2017-03-07 11:01:27,881 - cwlogs.push.publisher - INFO - 31861 - Thread-7 - Log group: /aws/elasticbeanstalk/production/var/log/nginx/access.log, log stream: i-0bd24767864801e2c, queue size: 0, Publish batch: {'skipped_events_count': 0, 'first_event': {'timestamp': 1488884481933, 'start_position': 454L, 'end_position': 568L}, 'fallback_events_count': 0, 'last_event': {'timestamp': 1488884482934, 'start_position': 568L, 'end_position': 681L}, 'source_id': '92257964a10edeb586f084f4f2ba35de', 'num_of_events': 2, 'batch_size_in_bytes': 277}
When Andrew (#andrew-ferk) and myself activated log streaming, it created all the log groups and streams in CloudWatch with the current log. After we deployed again, we noticed the logs stopped. This is because aws hashes the first line of the log. If it has seen that hash before it will treat that file like it's already been processed
If you are using npm start the first lines will be your application's name with version.

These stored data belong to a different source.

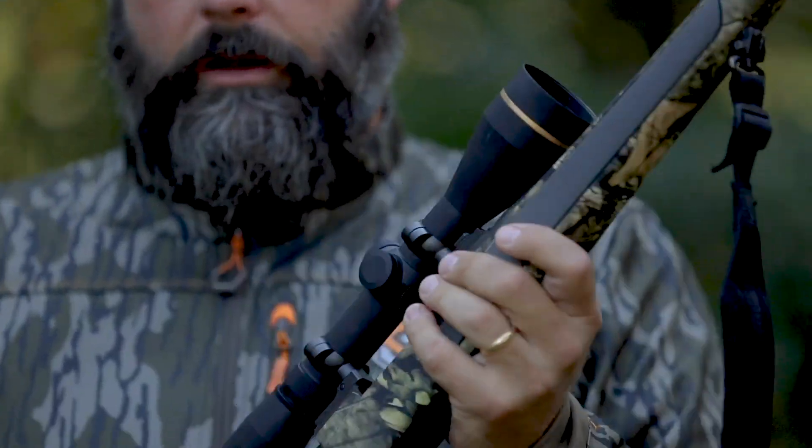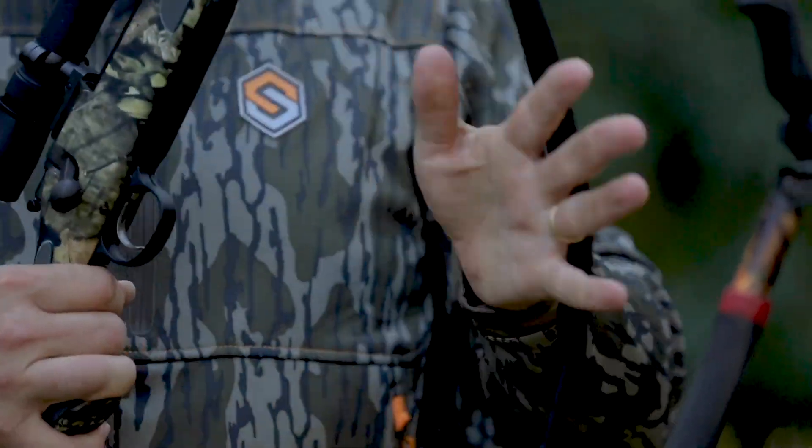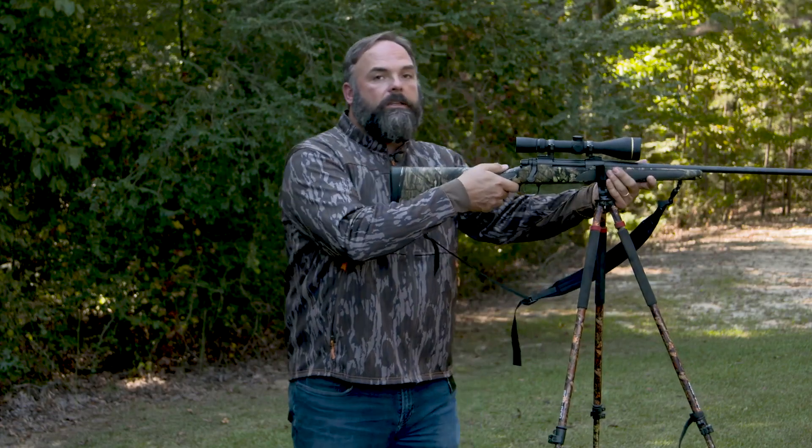Next, you want to be in the habit of carrying your rifle on the opposite side from the shooting sticks so that they don't interfere with one another as you go. Next, you need to practice how you're going to get steady and take a shot from that point.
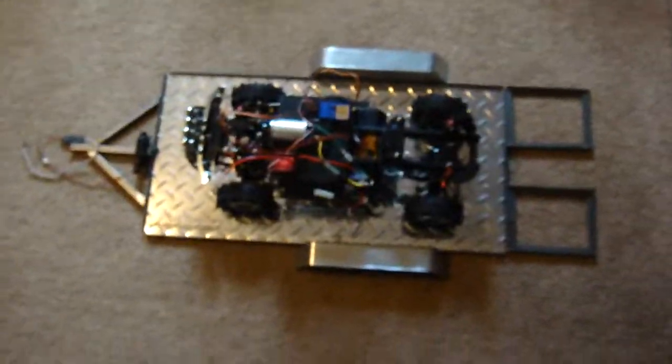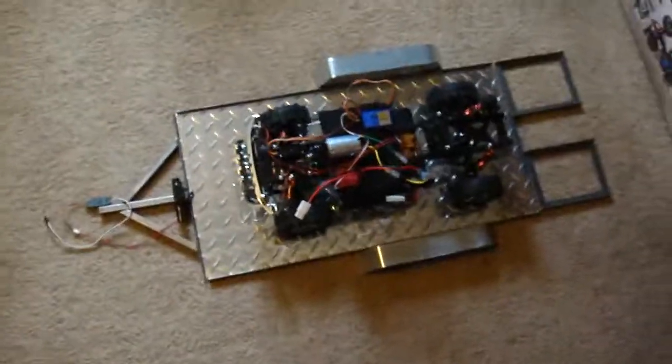Alright, well there's what I've been up to for a while — working on this. Just got myself a welder yesterday, so I'll be welding this up.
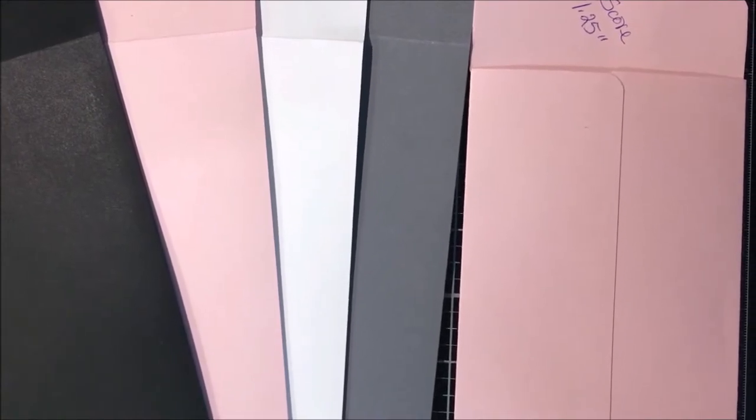Welcome, friends. Today, I'm going to show you how to make your own envelopes for your slimline cards.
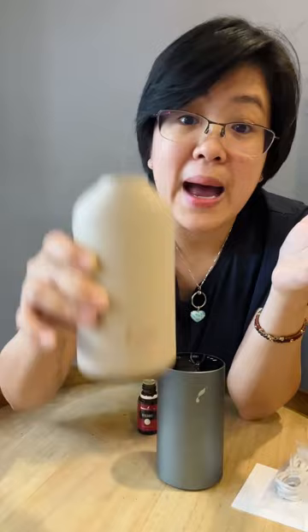It can actually last up to 16 hours of diffusing. It's an intermittent device — it will diffuse for a few seconds, then turn off, then turn on again. On high mode it's also very, very silent, and it really fills the entire room because it's diffusing pure oil, so you don't need to use a lot.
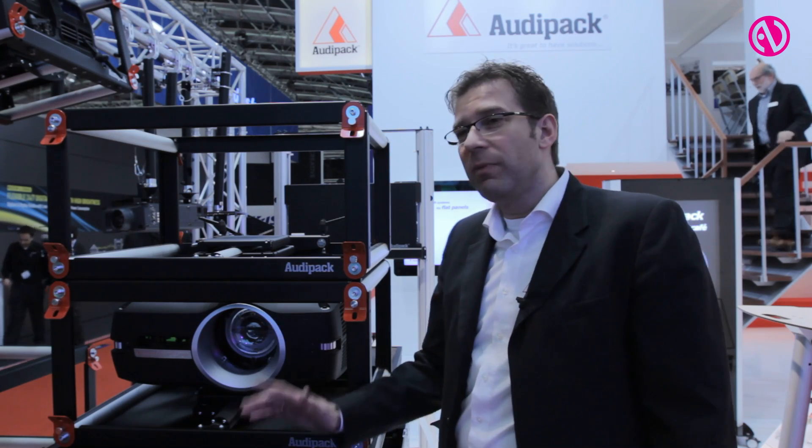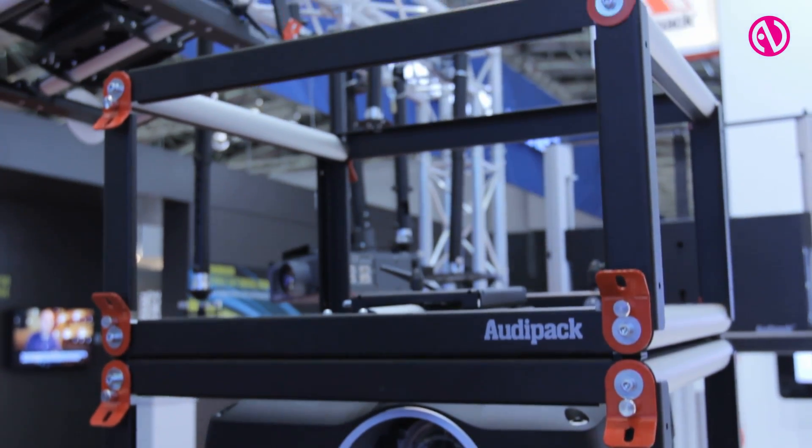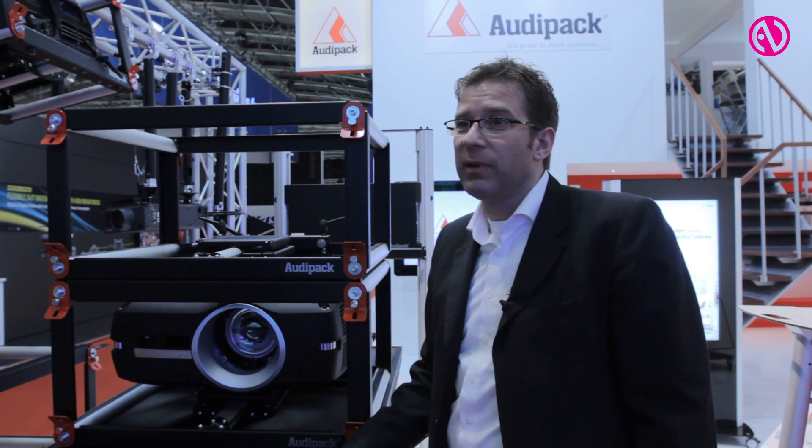In this case we have developed a completely new stack frame for projectors. Stack frames are important to carry and handle large screen projectors in rental and installation applications.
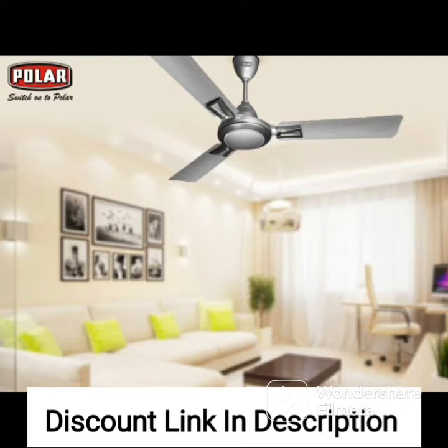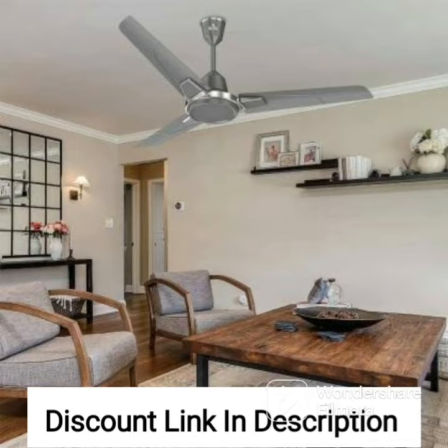The Usha Spin 1200mm ceiling fan comes in a sleek and modern design, making it a perfect fit for any contemporary setting. The ivory finish on the fan gives it a classic and elegant look, making it a great addition to any traditional setting as well.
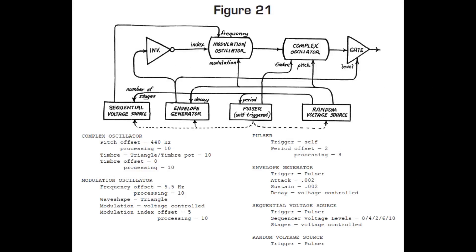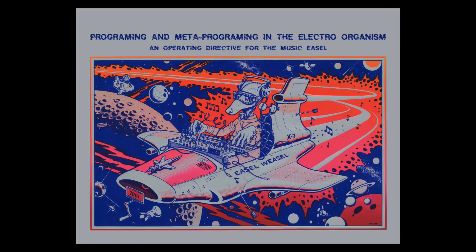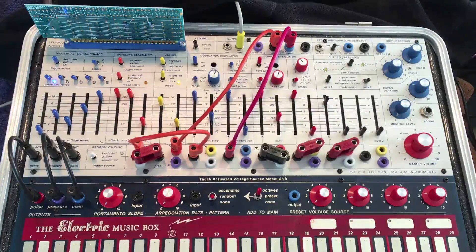I wanted to replicate Alan Strange's Figure 21 patch from his 1974 Buchla Easel manual. I recently did a tutorial on this patch using the program card on the Music Easel.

You can add a CMD date && npm start to your dockerfile to trigger a different first line each time or run npm in silent mode (as long as your first output is unique).
Also according to their docs you should add some policy to your elastic-beanstalk before enabling the feature AWS-Docs
{
"Version": "2012-10-17",
"Statement": [
{
"Effect": "Allow",
"Action": [
"logs:CreateLogGroup",
"logs:CreateLogStream",
"logs:GetLogEvents",
"logs:PutLogEvents",
"logs:DescribeLogGroups",
"logs:DescribeLogStreams",
"logs:PutRetentionPolicy"
],
"Resource": [
"*"
]
}
]
}
The following FAQs might be helpful:
CloudWatch Logs Agent FAQs
Why can’t I push log data to CloudWatch Logs with the awslogs agent?
Some things to check if you are streaming custom log files:
eb ssh into the instance and look at /var/log/awslogs.log. If that doesn't even mention "Loading additional configs from (your awslogs config file)", make sure you are installing your config file correct as well as restarting the awslogs service after installing it (presumably using .ebextensions. See "Custom Log File Streaming" in Using Elastic Beanstalk with Amazon CloudWatch Logs. See the commands section in logs-streamtocloudwatch-linux.config for how to restart the awslogs service.
The CloudWatch Logs Agent is stateful. If the first few lines of your log file are blank or never change, you may need to set file_fingerprint_lines. See CloudWatch Logs Agent Reference.